At the end of December 2019, Google released its word of the year as usual: “Hero.” This may have had something to do with the many superhero movies released that year. But in an age full of chaos and anxiety, calling for heroes does become one of people’s choices.

After all, history is only an abbreviated record of past events, and it easily creates the illusion of a heroic view of history. The more a nation likes to “take history as a mirror,” the more likely it is to look eagerly for the arrival of a hero when facing a historical crisis it cannot handle. Napoleon for France and Hitler for Germany are examples, though the legacies they left were completely different. The former left the great French Civil Code and spread the spirit of French freedom and democracy across Europe; the latter left war, massacre, and a Germany reduced to ruins.
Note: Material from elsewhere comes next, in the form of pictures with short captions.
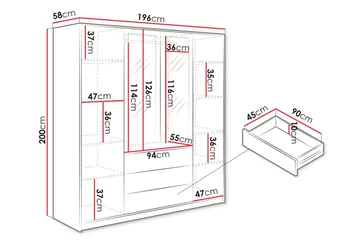 Retro Garderob m. Spegel 196x200 cm - Products - Förvaring - Garderober & garderobssystem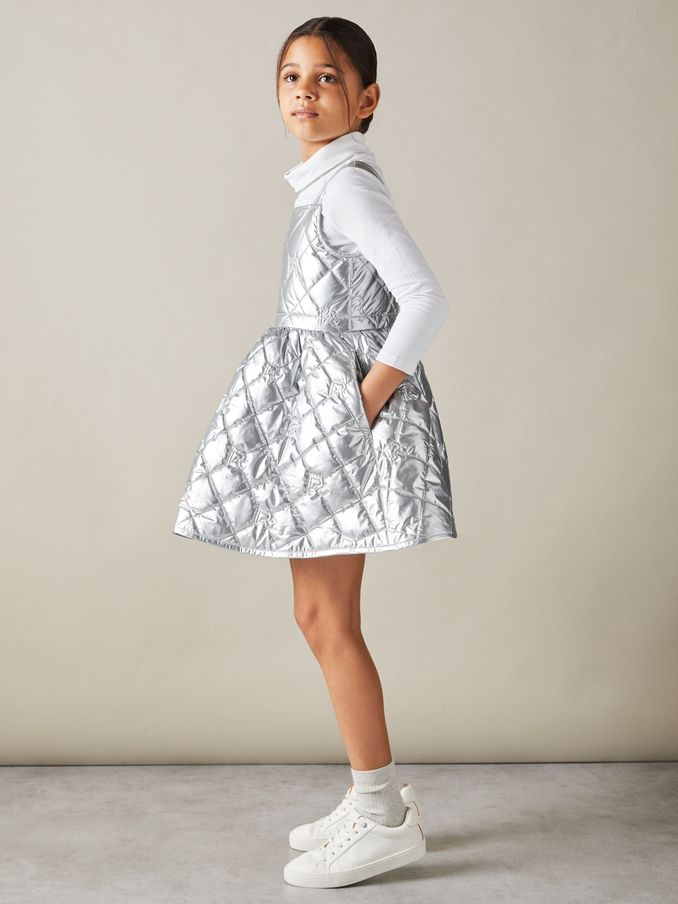 4-9 yrs Quilted Metallic Flared Dress in Silver (AA3638) | £30
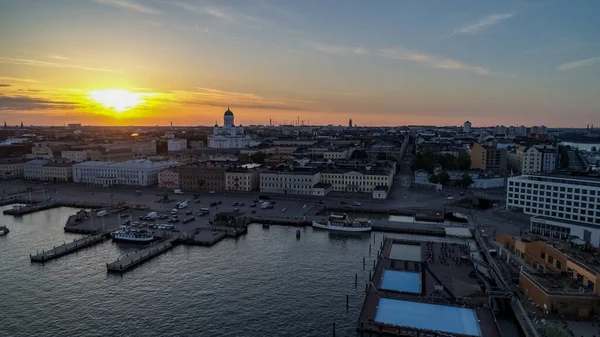 Luchtfoto Van Helsinki Zuidelijke Haven Zonsondergang Finland — Stockfoto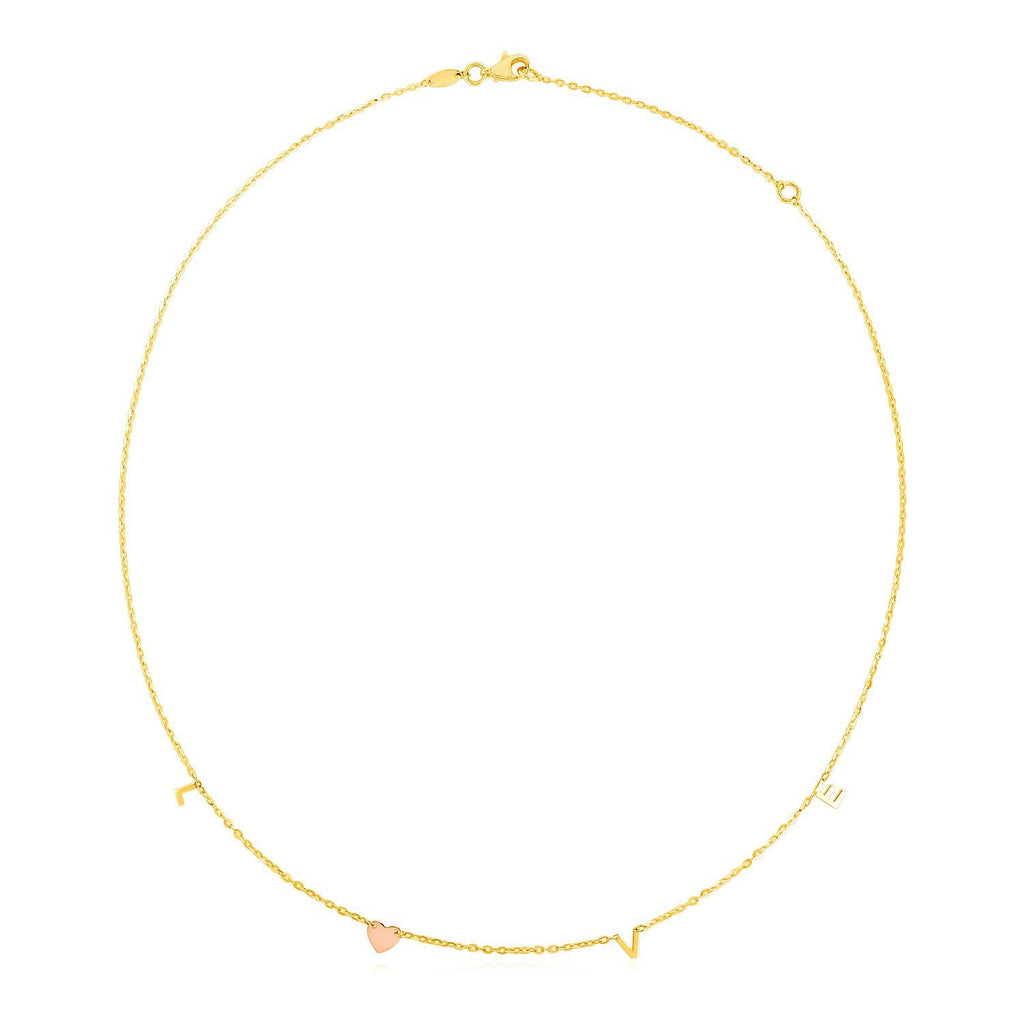 14k Two Tone Gold Love Necklace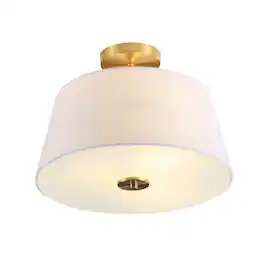 Jonathan Y - Isabella 15" 3-Light Modern Contemporary Metal Tapered Drum LED Semi Flush Mount - Brass Gold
Yet both were personally lifted onto the heroic throne by their own people.

Every heroic epic, whether tragedy or comedy, requires two elements: lazy people and ambitious men. People naturally tend to hand complicated problems in front of them to an exceptionally capable hero. Public affairs are complex and changeable. Handling them involves tedious calculation. Compared with participating and spending their own time and energy, people would rather throw themselves into brief and exciting public trials or movements of idolization. As for boring public affairs, let the hero deal with them.

The ones who fill this lazy demand are ambitious men. They always enter public view with unrealistic plans for salvation and promise people a beautiful new world flowing with milk and honey. Among many such figures, a few outstanding ones are chosen by the public and become “leaders” who will deal with the crisis and lead the people to the new world.

Open any history book, and the partnership between lazy people and ambitious men almost always ends in tragedy. Complex public issues do not have once-and-for-all solutions. Even if they did, they would not be imagined by a small group of leaders sitting high above everyone else. Solving public affairs requires the participation of all citizens. Attention, discussion, voting, and petitioning are all forms of participation. These are basic obligations that citizens should fulfill while enjoying their rights.

Lazy people ignore all civic duties except paying taxes and place their hopes in the appearance of heroes and leaders. In the end, they only attract ambitious men and create irreversible tragedy.

As members of an ancient nation that has not yet fully escaped such tragedy, we should remember the lessons of history: refuse to become lazy people who suffer the consequences of their own choices, refuse to become ambitious men full of beautiful visions, and work with other citizens to truly fulfill our civic duties. That is what taking history as a mirror really means.

Public trials and movements of idolization may be exciting, but citizens cannot immerse themselves in that false sense of participation and stop at the satisfaction of appetite. A great nation requires great citizens. Lazy people will never achieve “national rejuvenation.”

2019 was a year of many troubles. I faintly smelled the cyclical decline of human civilization. In this unavoidable decline, which nations will sink, and which will make it through? That is a question worth thinking about.

Without doubt, the diligence and courage of the Chinese people are worth taking pride in. They have created the world’s second-largest economy despite layers of institutional obstacles. But as former Premier Wen Jiabao said, without successful political reform, economic reform cannot be carried through to the end. The gunshots thirty years ago silenced the whole people and pushed China’s reform into the awkward state of having nowhere left to reform.

But people’s silence does not mean they have chosen to be lazy. The world never needs heroes. What it needs is for everyone to abandon “isms,” study real problems, work together, and take responsibility for this ancient nation.

My phone ringtone is “Hero,” a song written by the American band Family of the Year for a yearly TV series. Its lyrics express the spirit of a younger generation that rejects grand narratives while still warmly welcoming the life ahead:

Let me go, I don’t wanna be your hero. I don’t wanna be your big man, I just wanna fight with everyone else. You’re a masquerade, I don’t wanna be a part of your parade. Everyone deserves a chance to, Walk with everyone else.

Today, China’s younger generation bears survival pressure far beyond what it should have to carry: sky-high housing prices, corporate exploitation, poisonous food, environmental pollution, a worsening aging population, and the social security gap that follows. None of these burdens can be easily solved by a “hero.”

We have had enough of grand narratives such as “mass entrepreneurship and innovation” or “the great rejuvenation of the Chinese nation.” In the complex era ahead, these slogans seem painfully pale. In such difficult circumstances, we cannot place our hopes in the appearance of heroes. Or rather, only we can be our own heroes.